My wife and I have learned over the course of our landscaping duties that the previous owner of our home embedded chicken wire in the ground, seemingly throughout the entire backyard. It's about 2-3 inches underneath the soil.

It's everywhere we dig. We have no plans to try to extricate it; we'll just keep doing what we're doing and deal with it when we have to pierce the ground. I just want to know why.

As much as my heart tells me (usually while digging) that this is some super-slow-burn premeditated maliciousness on the behalf of the old lady we purchased the house from, the rational parts of me are pretty certain the truth is a lot less sinister.

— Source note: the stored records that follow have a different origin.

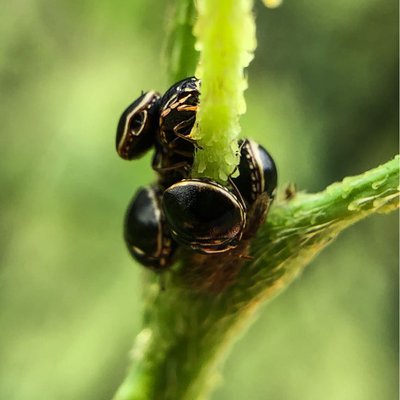 Plataspidae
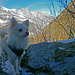 Cold Dog, oder: Hund on the rocks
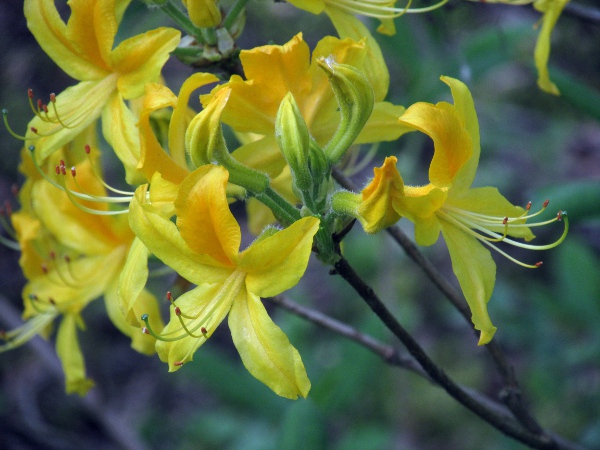 yellow azalea / Rhododendron luteum: The flowers of _Rhodendron luteum_ are conspicuous and yellow; the calyx and ovary have a dense covering of glands.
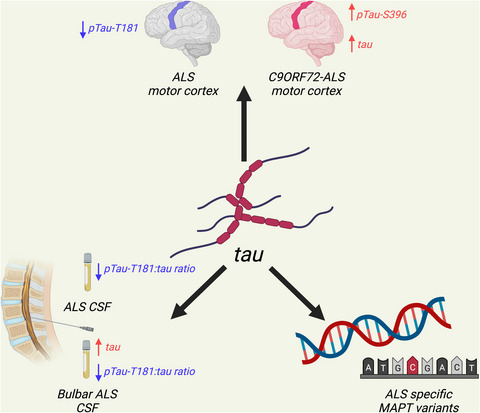 Novel genetic variants in MAPT and alterations in tau phosphorylation in amyotrophic lateral sclerosis post‐mortem motor cortex and cerebrospinal fluid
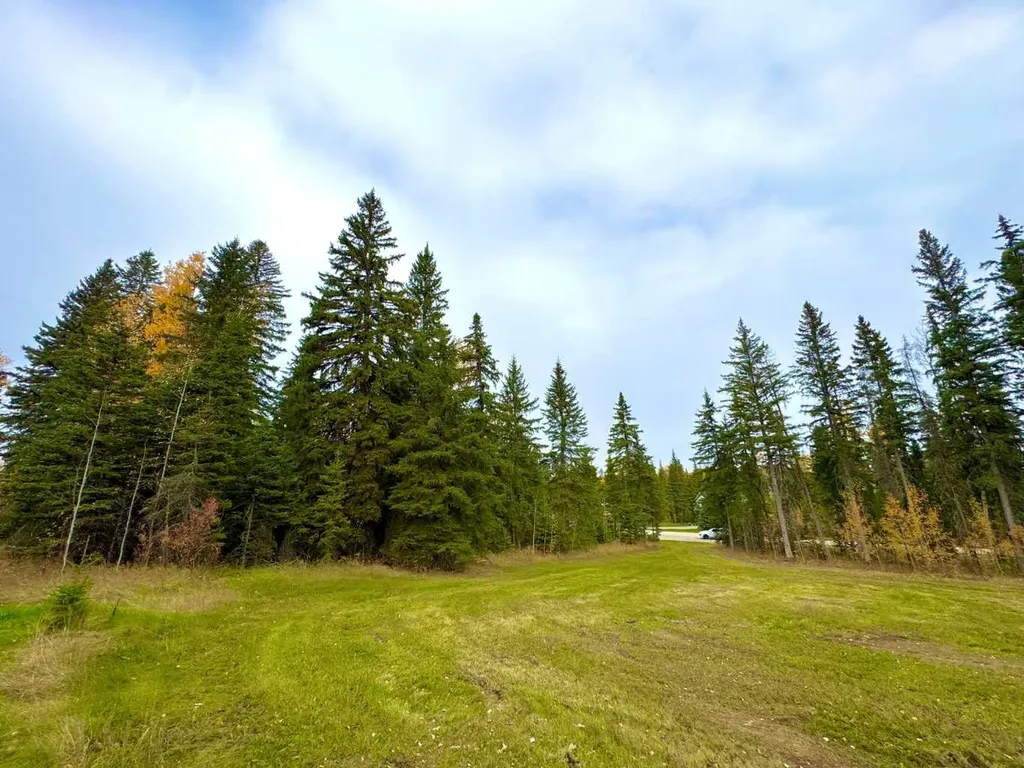 127 Meadow Ponds Drive Rural Clearwater County AB T4T 1A7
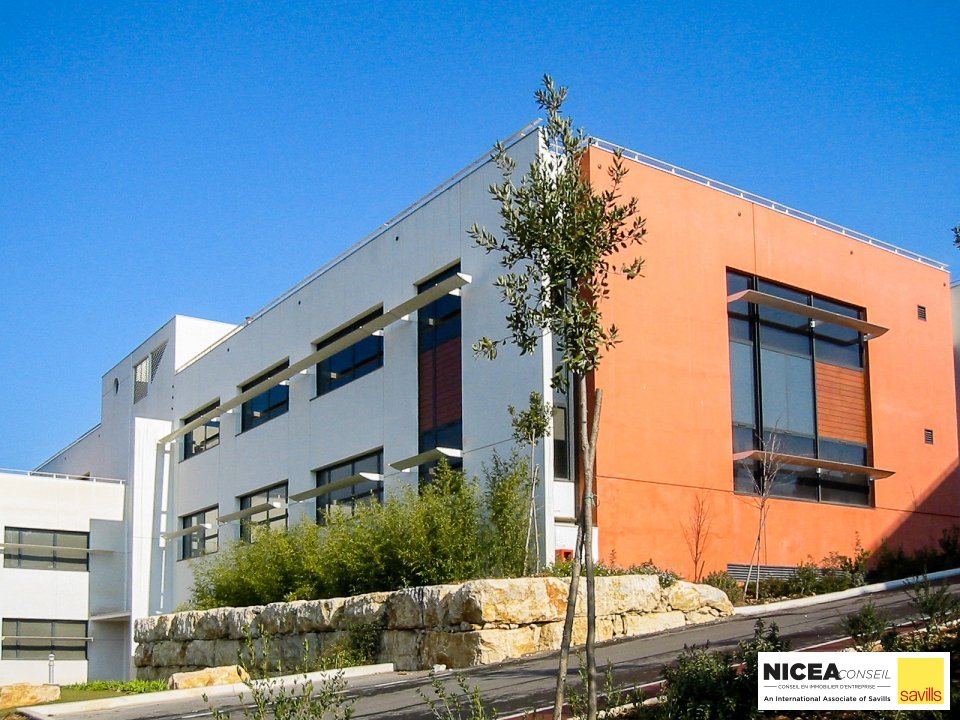 SAVILLS NICEA CONSEIL LOCATION-BUREAUX-BIOT-06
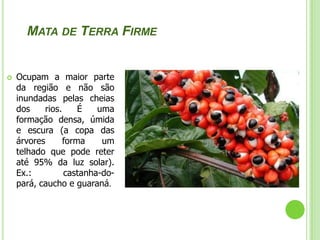 Mata de  igapóSituam-se junto aos rios, em áreas constantemente alagadas pelas cheias dos rios. Encontram-se aí plantas aquáticas como a Vitória-régia, além de cipós, trepadeiras e outras árvores.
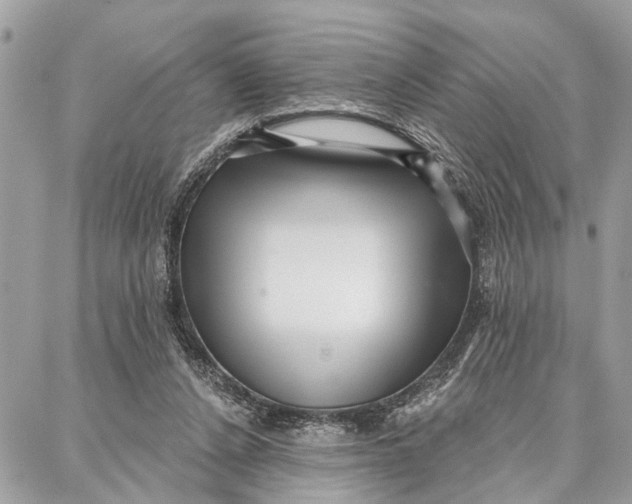 X0000086930256200705071400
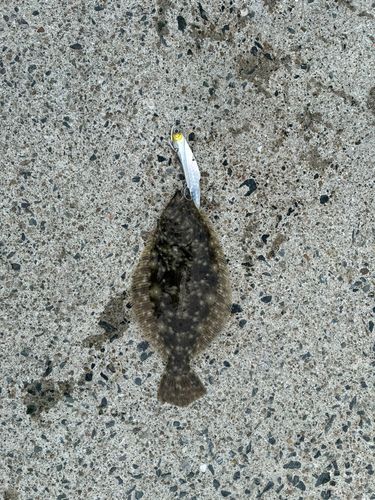 ヒラメの釣果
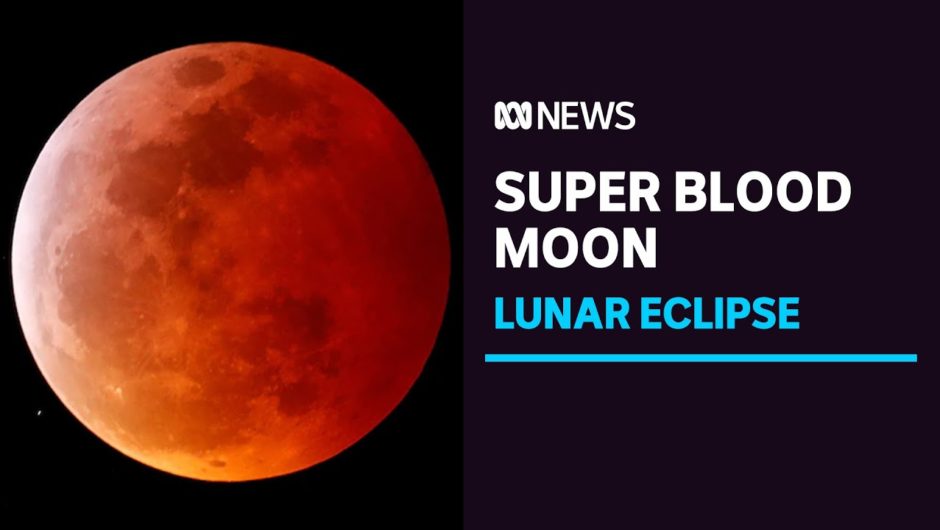 There's a supermoon and a lunar eclipse tonight | ABC News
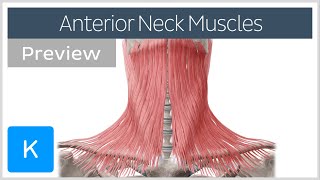 Anterior neck muscles preview  Human Anatomy  Kenhub [upl. by Eph]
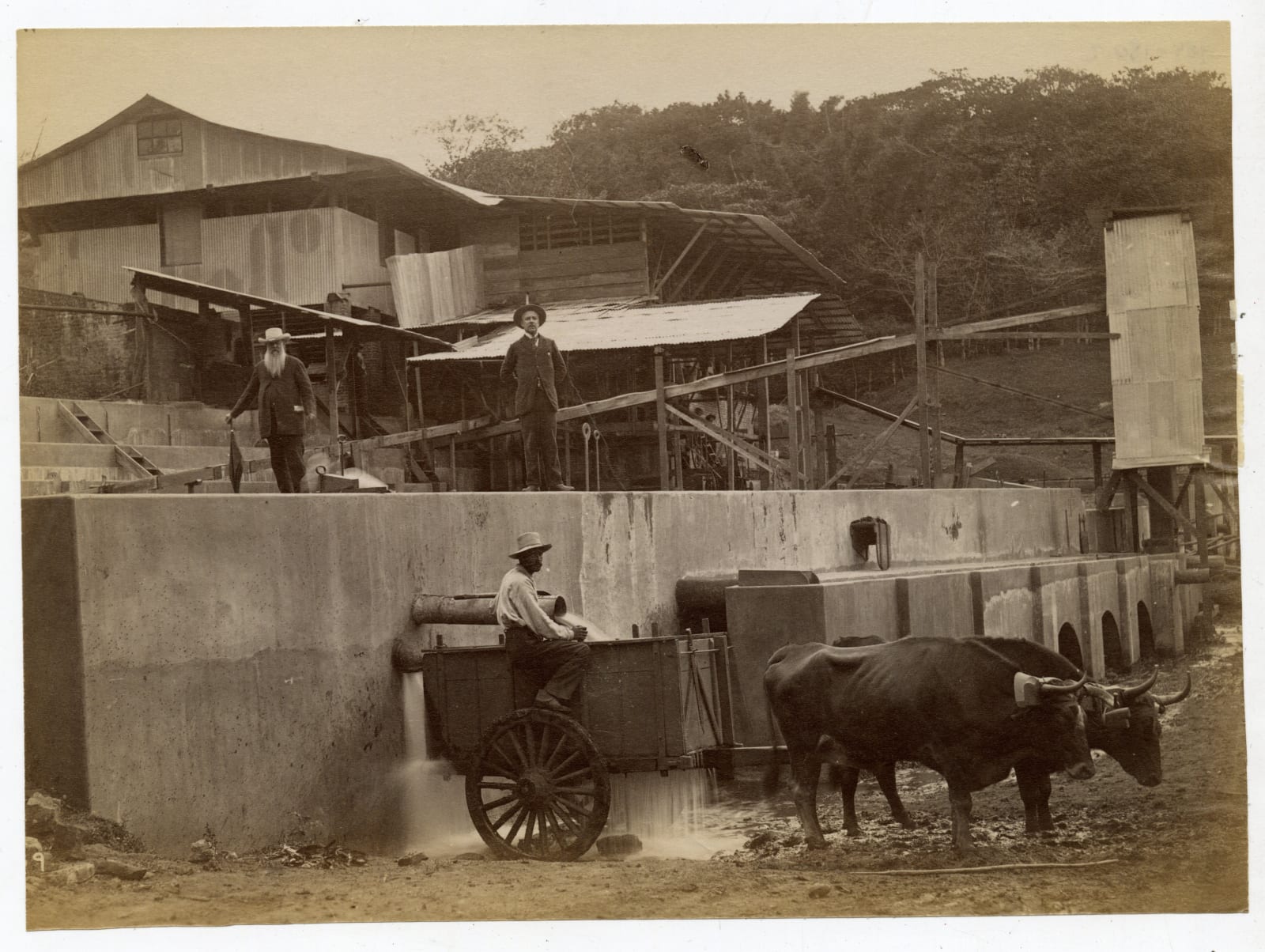 Paynter Bros. (attributed), Eight Views of Coffee Production in Costa Rica in the 19th-Century, 1890s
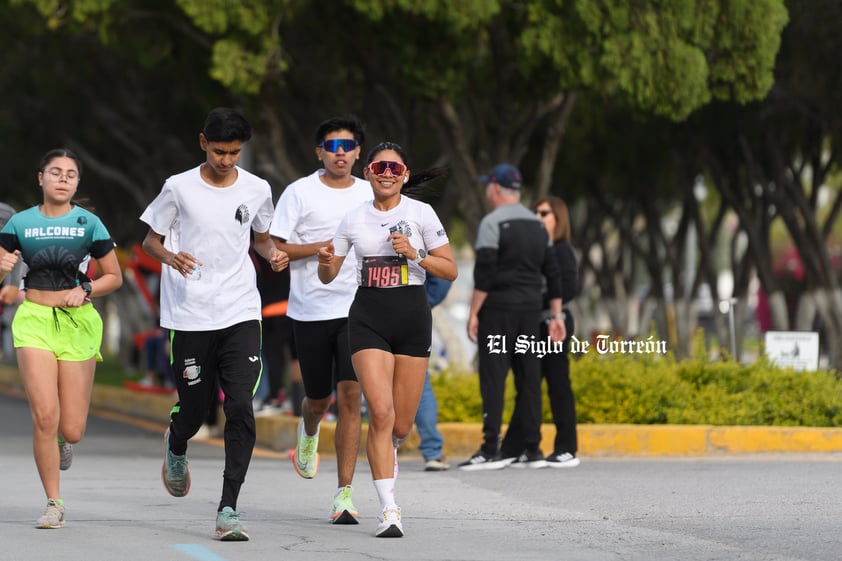 Monse Lope, Halcones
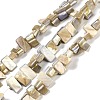 Dyed Natural Freshwater Shell Beads Strands SHEL-P016-01E-1
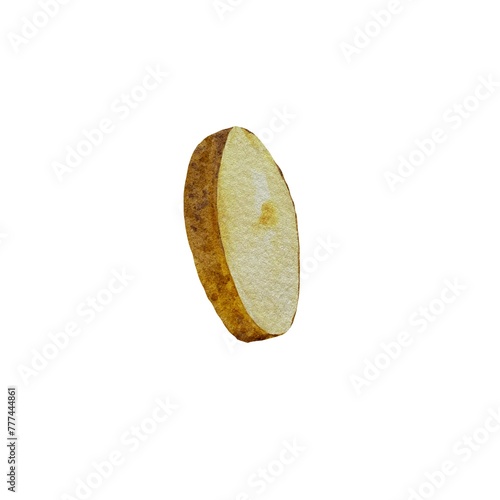 Potato vegetable brown slice a watercolor sketch
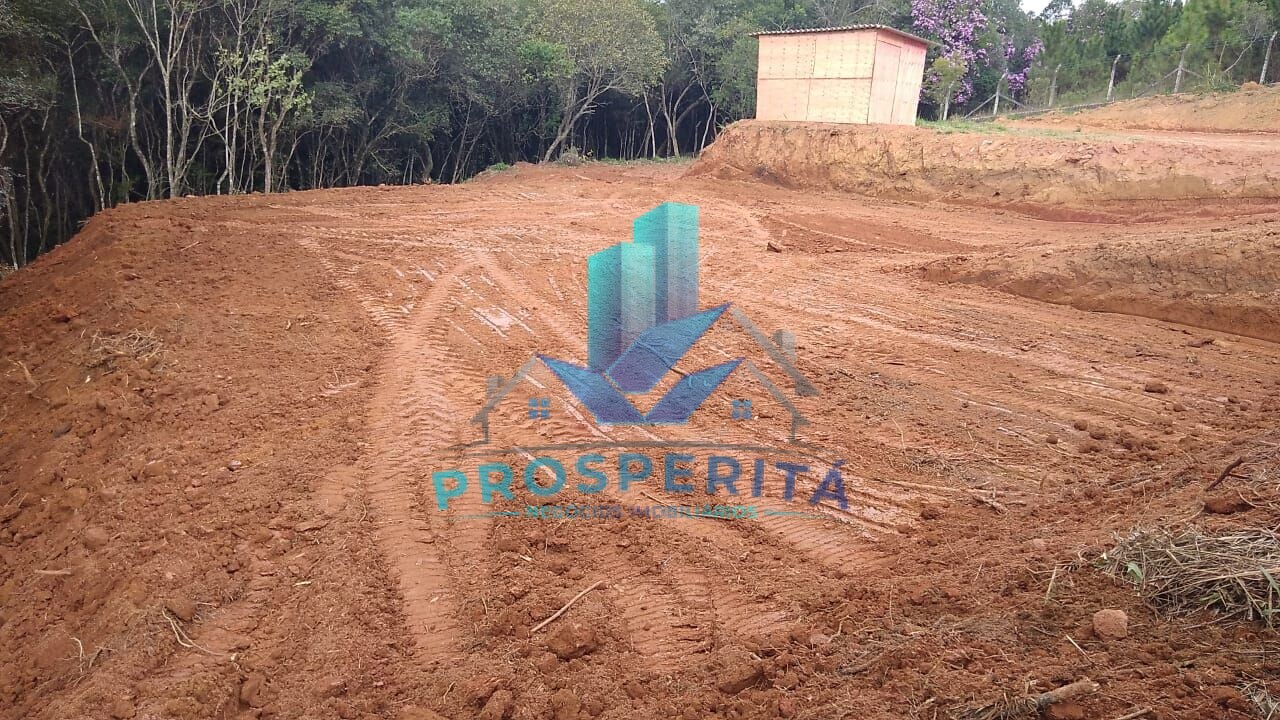 Terreno à venda, 2500m² - Foto 1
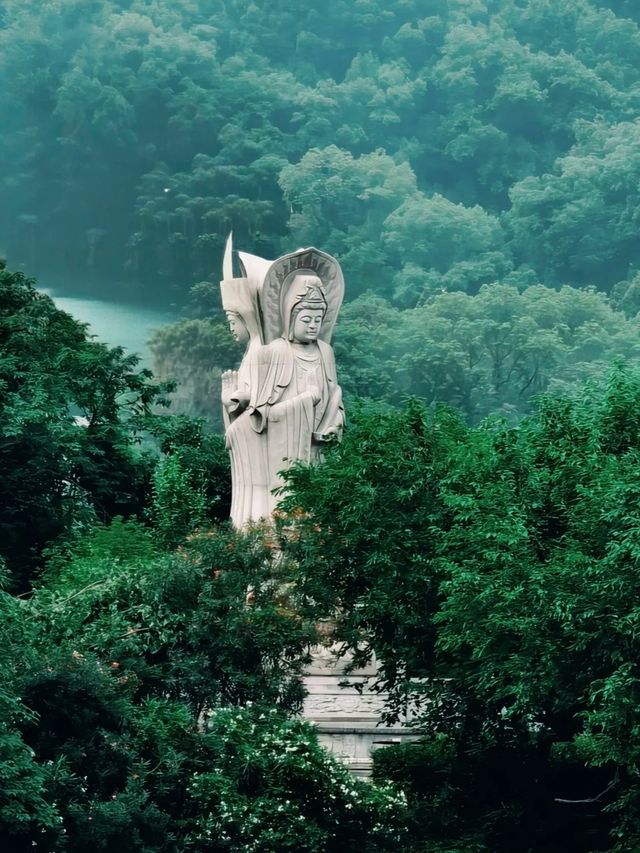 衡陽歡迎您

Could it be a pest-control measure? If so, I'd guess we have a rock-solid defense against underground chickens.

Some trivia that may help:

  • The previous owner "hated trees," according to neighbors, and kept the place barren. No evidence of a garden. Just a neglected lawn.
  • The front yard didn't suffer the same fate.
  • It appears to be actual chicken wire from the size of the mesh, and it's really lightweight. Differs from the stuff gopher baskets are made out of.

My curiosity is hoping for some concrete rationale, but my rage will absolutely accept crackpot conspiracy theories.


Going with Kevinsky for the firsthand account, but thank you all for your input. Probably an anti-critter measure. Will update if I ever hit the secret underground lab, though.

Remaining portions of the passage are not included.